> **YOUR ASSIGNMENT**
The required answer is an exact copy of the records below, without pictures.

> **INPUT MATERIAL**
════

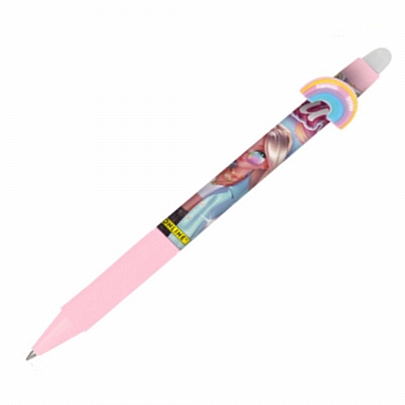 Στυλό που σβήνει με κουμπί Little Miss Rainbow - Μπλε (0.7mm) - Online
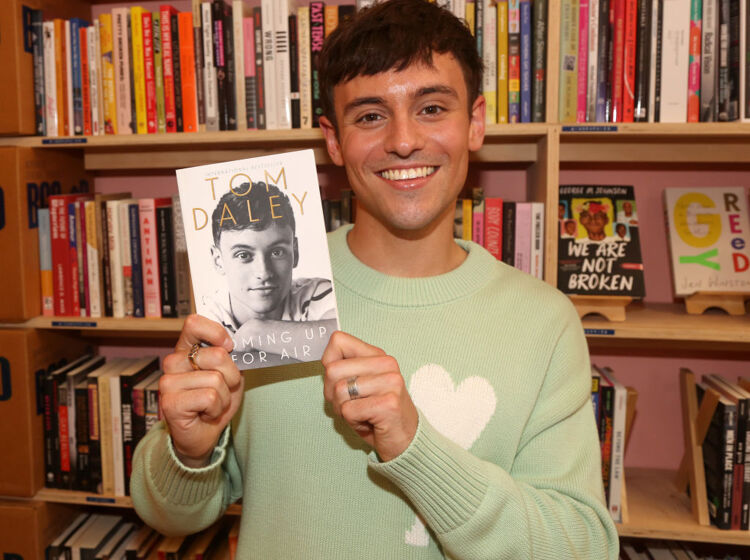 Bullies once threatened to break Tom Daley’s legs. Now he’s telling the world what he’s made of.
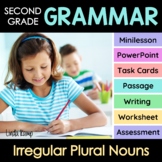 Irregular Plural Nouns Daily Grammar Practice, Worksheets,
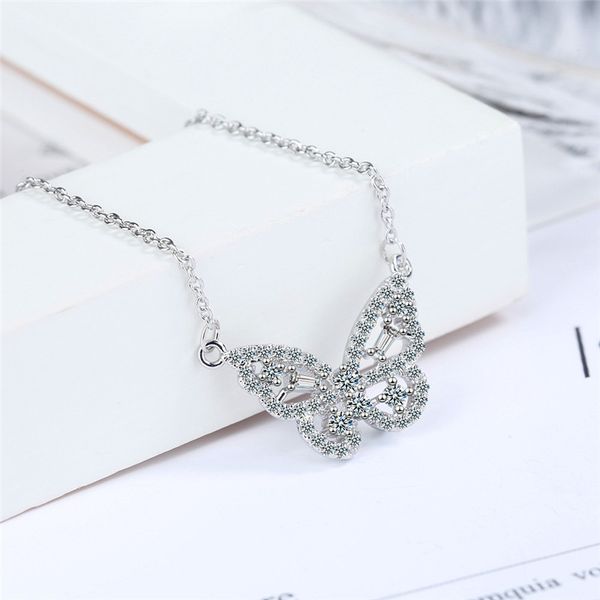 pendant necklaces luxury female white zircon necklace rose gold silver color chain for women cute big butterfly wedding
pendant necklaces luxury female white zircon necklace rose gold silver color chain for women cute big butterfly wedding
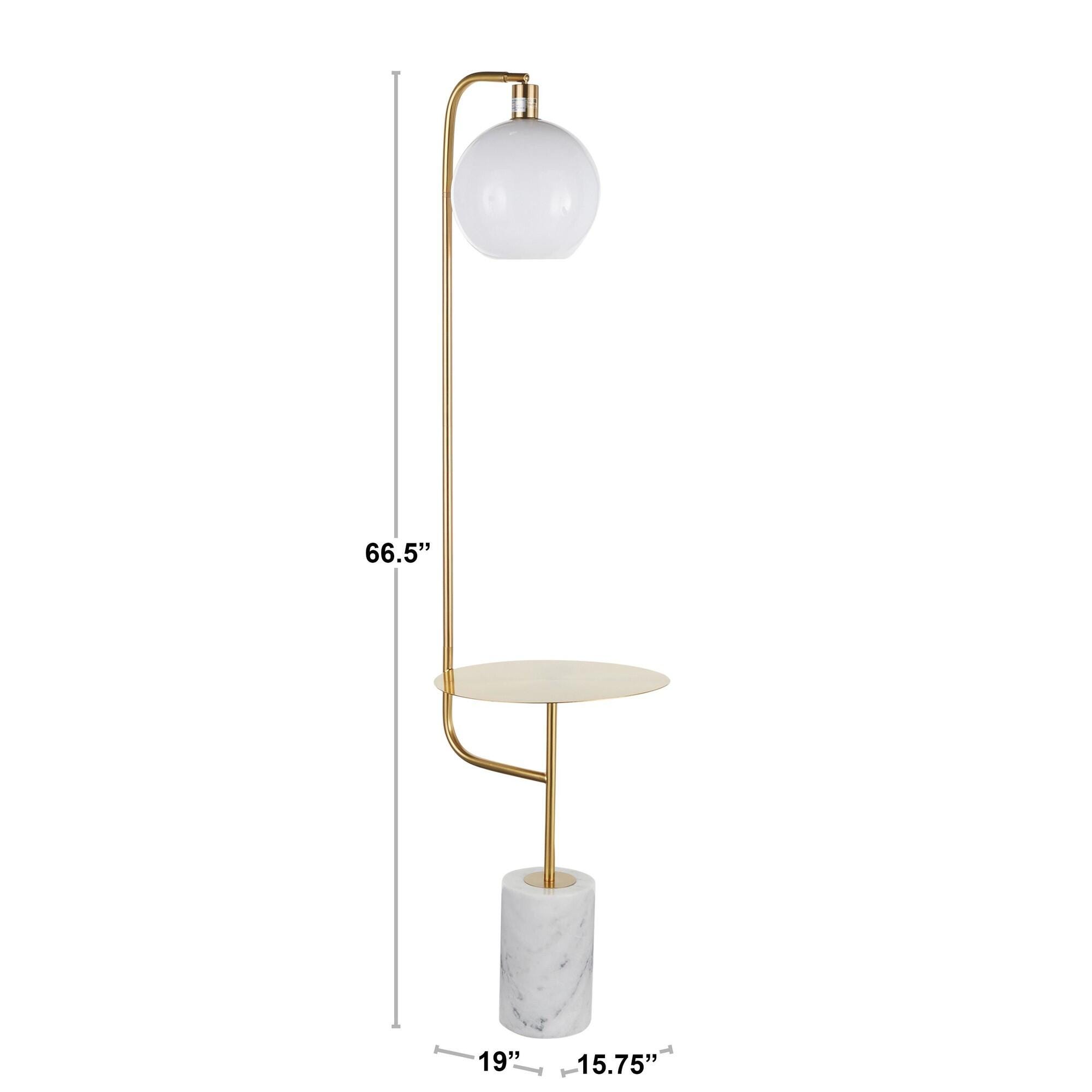 LumiSource Symbol Floor Lamp, , large
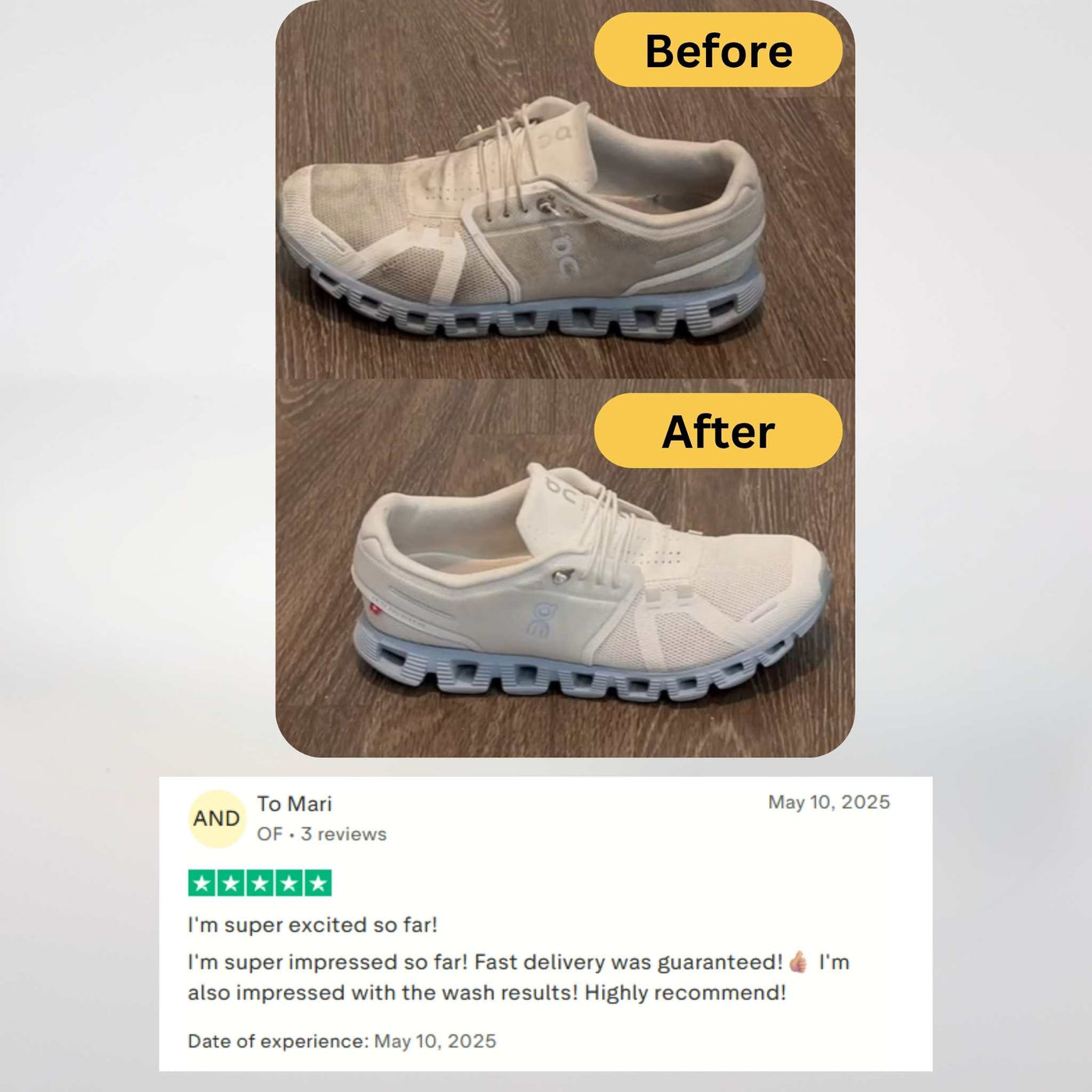 Shoe Cleaning Starter Set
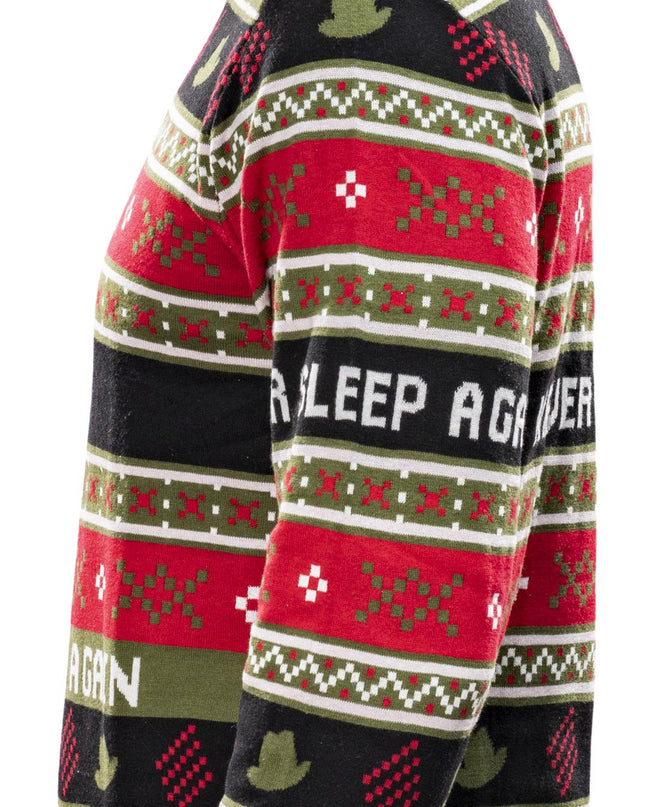 Ein Albtraum in der Elm Street, Freddy Krueger, hässlicher Pullover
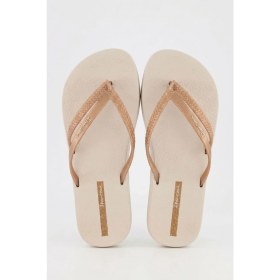 Resim Ipanema Bossa Soft V Fem Kadın Parmak Arası Terlik Bej 35/42 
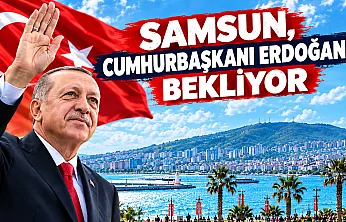 Cumhurbaşkanı Erdoğan'ın Samsun ziyareti öncesi hazırlık toplantısı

════

> **RESPONSE**
 Στυλό που σβήνει με κουμπί Little Miss Rainbow - Μπλε (0.7mm) - Online
 Bullies once threatened to break Tom Daley’s legs. Now he’s telling the world what he’s made of.
 Irregular Plural Nouns Daily Grammar Practice, Worksheets,
 pendant necklaces luxury female white zircon necklace rose gold silver color chain for women cute big butterfly wedding
pendant necklaces luxury female white zircon necklace rose gold silver color chain for women cute big butterfly wedding
 LumiSource Symbol Floor Lamp, , large
 Shoe Cleaning Starter Set
 Ein Albtraum in der Elm Street, Freddy Krueger, hässlicher Pullover
 Resim Ipanema Bossa Soft V Fem Kadın Parmak Arası Terlik Bej 35/42 
 Cumhurbaşkanı Erdoğan'ın Samsun ziyareti öncesi hazırlık toplantısı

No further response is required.